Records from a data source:
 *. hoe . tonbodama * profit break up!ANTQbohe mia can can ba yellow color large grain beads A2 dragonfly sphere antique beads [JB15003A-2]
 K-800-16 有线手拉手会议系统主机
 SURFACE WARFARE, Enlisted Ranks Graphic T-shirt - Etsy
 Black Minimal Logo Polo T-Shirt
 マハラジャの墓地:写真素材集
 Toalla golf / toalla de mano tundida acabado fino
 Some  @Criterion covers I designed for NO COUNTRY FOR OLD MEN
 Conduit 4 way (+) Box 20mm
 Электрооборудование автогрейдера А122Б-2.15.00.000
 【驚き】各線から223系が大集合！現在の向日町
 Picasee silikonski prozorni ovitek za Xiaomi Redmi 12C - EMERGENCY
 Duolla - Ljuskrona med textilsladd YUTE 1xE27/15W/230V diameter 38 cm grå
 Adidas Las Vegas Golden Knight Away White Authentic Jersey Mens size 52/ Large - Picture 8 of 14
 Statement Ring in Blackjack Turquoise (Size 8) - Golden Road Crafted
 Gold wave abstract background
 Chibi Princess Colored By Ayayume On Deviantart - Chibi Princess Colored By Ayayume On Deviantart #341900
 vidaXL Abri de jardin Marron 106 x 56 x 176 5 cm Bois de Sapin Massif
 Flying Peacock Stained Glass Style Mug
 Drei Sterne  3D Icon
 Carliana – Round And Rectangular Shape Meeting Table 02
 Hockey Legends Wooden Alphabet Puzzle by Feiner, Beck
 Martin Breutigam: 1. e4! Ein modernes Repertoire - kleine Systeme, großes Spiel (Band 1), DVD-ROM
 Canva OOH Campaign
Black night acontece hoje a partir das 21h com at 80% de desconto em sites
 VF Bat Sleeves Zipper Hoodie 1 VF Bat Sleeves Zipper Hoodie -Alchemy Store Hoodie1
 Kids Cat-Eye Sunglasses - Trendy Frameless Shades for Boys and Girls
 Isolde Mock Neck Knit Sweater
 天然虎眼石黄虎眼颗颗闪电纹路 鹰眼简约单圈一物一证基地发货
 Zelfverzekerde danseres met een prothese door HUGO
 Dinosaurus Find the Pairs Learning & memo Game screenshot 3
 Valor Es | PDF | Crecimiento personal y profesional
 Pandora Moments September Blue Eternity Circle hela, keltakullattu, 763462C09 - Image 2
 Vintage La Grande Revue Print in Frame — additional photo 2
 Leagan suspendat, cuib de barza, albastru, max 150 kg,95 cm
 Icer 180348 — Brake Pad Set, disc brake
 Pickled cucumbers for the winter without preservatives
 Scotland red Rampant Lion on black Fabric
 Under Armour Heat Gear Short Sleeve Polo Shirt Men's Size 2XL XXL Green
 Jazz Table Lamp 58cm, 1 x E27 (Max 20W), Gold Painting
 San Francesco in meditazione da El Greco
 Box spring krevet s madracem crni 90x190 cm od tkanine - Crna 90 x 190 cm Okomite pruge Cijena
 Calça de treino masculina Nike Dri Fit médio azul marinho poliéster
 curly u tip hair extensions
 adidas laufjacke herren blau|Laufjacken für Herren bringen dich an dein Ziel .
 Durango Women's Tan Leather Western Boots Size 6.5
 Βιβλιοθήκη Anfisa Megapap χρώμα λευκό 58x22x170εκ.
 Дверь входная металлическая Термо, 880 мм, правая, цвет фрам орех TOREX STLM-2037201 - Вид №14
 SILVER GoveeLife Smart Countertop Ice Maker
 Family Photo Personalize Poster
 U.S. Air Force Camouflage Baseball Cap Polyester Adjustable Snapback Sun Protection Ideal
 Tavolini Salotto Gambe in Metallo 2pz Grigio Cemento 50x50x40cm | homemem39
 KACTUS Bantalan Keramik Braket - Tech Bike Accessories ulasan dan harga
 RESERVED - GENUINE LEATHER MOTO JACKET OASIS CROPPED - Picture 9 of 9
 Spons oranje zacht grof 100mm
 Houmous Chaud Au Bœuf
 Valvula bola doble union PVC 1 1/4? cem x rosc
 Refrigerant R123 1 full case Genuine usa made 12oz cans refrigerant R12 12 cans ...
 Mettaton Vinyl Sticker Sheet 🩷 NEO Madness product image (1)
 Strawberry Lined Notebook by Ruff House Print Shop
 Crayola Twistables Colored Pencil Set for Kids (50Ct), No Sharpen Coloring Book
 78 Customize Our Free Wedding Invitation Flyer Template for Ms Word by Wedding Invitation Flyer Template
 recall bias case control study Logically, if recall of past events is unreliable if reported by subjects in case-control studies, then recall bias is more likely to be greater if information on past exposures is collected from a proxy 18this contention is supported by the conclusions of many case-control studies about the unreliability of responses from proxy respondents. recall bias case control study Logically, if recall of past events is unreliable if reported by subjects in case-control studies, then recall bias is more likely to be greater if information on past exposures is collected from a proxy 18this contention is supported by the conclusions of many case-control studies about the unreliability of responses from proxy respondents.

§ **WHAT TO WORK ON**: How many of the lines above include the string "Picture"? Reply with the number by itself.

§ **EXERCISE ANSWER**: 2